Plátano Purchasing Theory

3 Minutes Read Time

Display of plantains at various stages of ripeness.
Photo by CHUTTERSNAP on Unsplash

On the occasion of a Giant Eagle employee double-checking to make sure
I rang the right item up at self-checkout

Truth: Plátanos are the only produce item I know the PLU code for (4235). Lie: It’s my Caribbean pride. Truth: I just got tired of looking up plantain bananas every time I used self-checkout. Truth: I grew tired of my white roommate calling them bananas every time I cooked them. Truth: Once, I traveled from Pittsburgh to Virginia with a group of white kids and laughed when they brought back unripe plátanos from their grocery run instead of bananas. Lie: I learned to love plátanos from my father, who cooked them for me as a child. Truth: I learned to love plátano the day my father brought home food from a Puerto Rican restaurant that no longer exists. Truth: To this day, that’s the only time we’ve ever eaten plátano together. Truth: I got tired of taking them through the regular checkout line. Truth: Once, I bought unripe plátanos at Whole Foods, and the cashier asked me how I was going to cook them. Lie: When I said, Fry ’em, I wanted him to imagine the slice of a knife down the green ridge of skin, how careful I have to be not to cut myself as it slides out. The bits that stay lodged under my fingernails after peeling.
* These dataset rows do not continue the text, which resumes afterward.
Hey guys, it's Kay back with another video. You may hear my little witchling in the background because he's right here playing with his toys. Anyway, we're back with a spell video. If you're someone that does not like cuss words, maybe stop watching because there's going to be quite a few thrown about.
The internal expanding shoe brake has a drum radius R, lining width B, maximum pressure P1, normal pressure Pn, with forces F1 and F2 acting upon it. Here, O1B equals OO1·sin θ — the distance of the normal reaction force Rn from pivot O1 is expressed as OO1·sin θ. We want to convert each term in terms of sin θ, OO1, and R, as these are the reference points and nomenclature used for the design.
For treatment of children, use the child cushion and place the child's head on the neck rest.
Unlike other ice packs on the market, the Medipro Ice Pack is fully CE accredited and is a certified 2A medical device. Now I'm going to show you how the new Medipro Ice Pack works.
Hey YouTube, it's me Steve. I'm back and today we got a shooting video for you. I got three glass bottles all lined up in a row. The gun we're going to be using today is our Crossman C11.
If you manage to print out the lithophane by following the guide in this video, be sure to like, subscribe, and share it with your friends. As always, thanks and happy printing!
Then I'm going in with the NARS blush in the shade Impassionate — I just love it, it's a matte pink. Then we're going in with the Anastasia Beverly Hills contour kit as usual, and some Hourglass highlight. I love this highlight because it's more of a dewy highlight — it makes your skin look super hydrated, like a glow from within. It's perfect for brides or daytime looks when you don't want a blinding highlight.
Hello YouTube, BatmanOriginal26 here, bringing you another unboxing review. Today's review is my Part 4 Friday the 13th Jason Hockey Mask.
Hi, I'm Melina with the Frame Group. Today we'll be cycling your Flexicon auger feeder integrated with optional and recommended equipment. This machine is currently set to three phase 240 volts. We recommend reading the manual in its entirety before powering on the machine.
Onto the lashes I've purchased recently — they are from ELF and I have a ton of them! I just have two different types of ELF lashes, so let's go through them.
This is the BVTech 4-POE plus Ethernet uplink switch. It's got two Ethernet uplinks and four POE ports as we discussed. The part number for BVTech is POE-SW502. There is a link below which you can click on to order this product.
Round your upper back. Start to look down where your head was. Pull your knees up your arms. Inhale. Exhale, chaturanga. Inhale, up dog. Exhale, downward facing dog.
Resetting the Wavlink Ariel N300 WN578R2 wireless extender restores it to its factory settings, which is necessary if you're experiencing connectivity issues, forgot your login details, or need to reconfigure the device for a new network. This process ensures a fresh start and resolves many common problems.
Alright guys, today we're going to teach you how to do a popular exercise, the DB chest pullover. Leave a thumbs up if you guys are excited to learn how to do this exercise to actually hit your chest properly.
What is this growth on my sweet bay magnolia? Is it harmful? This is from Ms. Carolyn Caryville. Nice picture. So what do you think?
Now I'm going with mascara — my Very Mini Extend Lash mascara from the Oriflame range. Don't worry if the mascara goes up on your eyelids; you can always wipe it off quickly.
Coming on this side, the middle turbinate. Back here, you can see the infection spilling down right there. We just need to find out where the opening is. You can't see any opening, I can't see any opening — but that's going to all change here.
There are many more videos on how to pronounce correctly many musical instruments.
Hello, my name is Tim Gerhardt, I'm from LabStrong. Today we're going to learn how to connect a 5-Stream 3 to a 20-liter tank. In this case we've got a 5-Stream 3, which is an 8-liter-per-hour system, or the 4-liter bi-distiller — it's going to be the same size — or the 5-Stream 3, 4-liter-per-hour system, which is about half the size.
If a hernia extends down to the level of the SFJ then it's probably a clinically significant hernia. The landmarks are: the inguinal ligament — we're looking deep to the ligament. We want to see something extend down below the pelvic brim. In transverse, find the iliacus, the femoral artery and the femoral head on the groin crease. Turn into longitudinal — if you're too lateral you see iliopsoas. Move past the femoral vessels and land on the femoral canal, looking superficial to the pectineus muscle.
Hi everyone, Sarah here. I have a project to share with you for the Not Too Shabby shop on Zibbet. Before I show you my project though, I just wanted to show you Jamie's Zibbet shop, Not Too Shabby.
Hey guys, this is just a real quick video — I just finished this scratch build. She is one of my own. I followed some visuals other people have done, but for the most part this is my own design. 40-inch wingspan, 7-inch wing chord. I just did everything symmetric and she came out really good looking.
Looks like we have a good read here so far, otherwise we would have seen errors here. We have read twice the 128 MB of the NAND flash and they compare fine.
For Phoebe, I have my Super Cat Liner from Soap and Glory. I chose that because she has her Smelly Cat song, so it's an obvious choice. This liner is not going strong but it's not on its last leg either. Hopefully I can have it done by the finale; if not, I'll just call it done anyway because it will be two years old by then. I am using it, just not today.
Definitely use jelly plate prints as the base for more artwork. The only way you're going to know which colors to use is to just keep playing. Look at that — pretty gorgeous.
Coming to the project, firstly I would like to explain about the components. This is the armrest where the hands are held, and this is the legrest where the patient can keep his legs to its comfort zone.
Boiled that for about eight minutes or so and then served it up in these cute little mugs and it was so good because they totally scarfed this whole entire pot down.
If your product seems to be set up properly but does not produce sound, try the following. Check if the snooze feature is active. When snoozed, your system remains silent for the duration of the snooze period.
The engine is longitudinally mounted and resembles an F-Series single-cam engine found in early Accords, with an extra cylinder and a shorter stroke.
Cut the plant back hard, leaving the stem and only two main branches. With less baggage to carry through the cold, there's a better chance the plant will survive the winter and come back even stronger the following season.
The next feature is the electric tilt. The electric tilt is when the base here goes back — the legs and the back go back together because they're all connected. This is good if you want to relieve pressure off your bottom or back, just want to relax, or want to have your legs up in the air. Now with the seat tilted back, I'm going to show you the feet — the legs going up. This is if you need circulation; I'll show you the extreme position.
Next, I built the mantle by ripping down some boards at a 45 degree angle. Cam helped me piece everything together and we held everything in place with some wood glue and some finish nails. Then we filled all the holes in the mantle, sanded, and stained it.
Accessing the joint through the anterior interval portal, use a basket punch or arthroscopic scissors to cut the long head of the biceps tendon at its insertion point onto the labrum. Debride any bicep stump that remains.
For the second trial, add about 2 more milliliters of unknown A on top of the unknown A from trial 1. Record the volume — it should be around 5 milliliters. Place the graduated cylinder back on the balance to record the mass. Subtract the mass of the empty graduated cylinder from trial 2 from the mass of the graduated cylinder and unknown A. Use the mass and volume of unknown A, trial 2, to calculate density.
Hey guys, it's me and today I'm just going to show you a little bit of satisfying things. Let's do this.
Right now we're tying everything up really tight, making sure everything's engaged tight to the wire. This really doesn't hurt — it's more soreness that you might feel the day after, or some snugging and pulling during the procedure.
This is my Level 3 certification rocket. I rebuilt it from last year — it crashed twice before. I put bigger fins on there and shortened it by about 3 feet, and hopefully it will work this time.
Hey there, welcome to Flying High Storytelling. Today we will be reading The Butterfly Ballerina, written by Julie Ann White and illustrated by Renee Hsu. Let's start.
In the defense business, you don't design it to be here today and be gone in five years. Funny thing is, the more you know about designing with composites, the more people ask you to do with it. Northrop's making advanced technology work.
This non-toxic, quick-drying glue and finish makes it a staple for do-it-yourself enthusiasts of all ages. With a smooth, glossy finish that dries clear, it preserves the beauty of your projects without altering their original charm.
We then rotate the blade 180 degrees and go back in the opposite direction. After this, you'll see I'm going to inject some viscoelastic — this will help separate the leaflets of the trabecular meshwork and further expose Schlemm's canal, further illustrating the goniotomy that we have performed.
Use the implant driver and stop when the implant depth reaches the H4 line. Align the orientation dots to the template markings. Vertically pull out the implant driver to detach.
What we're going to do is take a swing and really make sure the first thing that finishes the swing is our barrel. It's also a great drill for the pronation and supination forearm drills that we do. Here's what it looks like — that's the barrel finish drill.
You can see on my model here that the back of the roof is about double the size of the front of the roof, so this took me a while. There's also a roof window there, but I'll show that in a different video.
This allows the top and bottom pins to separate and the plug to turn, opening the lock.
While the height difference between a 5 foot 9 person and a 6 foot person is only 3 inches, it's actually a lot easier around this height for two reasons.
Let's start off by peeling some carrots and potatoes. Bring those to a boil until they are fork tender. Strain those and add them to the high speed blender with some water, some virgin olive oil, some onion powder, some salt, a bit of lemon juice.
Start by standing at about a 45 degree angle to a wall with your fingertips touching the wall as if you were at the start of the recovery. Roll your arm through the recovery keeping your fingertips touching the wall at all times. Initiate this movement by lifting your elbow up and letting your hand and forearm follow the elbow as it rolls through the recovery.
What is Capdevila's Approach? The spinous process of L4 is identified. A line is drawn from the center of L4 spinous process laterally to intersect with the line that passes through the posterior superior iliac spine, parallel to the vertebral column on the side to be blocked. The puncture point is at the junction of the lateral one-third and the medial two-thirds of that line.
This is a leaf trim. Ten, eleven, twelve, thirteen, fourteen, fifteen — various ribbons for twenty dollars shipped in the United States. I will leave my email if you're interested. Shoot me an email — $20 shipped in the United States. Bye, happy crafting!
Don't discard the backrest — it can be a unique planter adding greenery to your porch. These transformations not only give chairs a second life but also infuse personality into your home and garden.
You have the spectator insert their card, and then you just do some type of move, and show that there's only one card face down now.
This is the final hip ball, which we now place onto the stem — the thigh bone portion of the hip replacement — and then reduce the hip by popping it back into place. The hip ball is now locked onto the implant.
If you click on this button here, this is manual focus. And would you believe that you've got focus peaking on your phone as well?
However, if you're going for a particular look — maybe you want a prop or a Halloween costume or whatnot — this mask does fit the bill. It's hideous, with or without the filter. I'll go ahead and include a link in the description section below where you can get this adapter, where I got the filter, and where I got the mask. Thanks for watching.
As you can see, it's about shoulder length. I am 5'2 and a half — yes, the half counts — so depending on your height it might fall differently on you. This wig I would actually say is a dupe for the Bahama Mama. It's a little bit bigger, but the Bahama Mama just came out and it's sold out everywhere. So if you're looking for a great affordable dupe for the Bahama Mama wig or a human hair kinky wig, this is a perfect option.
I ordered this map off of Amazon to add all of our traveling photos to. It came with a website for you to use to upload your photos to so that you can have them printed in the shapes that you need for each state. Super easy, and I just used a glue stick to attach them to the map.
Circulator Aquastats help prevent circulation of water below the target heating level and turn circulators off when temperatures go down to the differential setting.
The fragility of once-fried chunks when smashed down for a second frying. How sometimes the heat of the oil fractures them further. Truth: I buy plátanos to fix my own fractures. Truth: When the self-checkout machine shouts Place your “plan-TAYNS” in the bag! and a Giant Eagle employee asks me to remove them, I’m only a little annoyed. Lie: It’s because of the way the machine pronounces the word plantain. My Caribbean pride again. Truth: Once, I had a Jamaican student who sent me the restaurant clip from the movie Pirates, and the whole class stared at me laughing when Shiloh Coke’s character asked, Where you find that, on a moun-TAYN? Lie: I have never loved anyone who pronounces it plan-TAYNS. Truth: Once, I sat with a Belizean homie in college at our work-study job and they asked me to repeat it when I said “PLAN-tin”—finally a tongue they recognized. Truth: I later cooked tostones for them. Truth: We later slept like dead after I mashed garlic and almond into a mofongo they could eat. Lie: I’m trying not to make plátano a symbol of Caribbean identity. Lie: I don’t pretend my plátano-heavy diet legitimizes my diaspora poems. Truth: I buy plátano at the grocery store almost every week, even when I don’t feel like cooking it.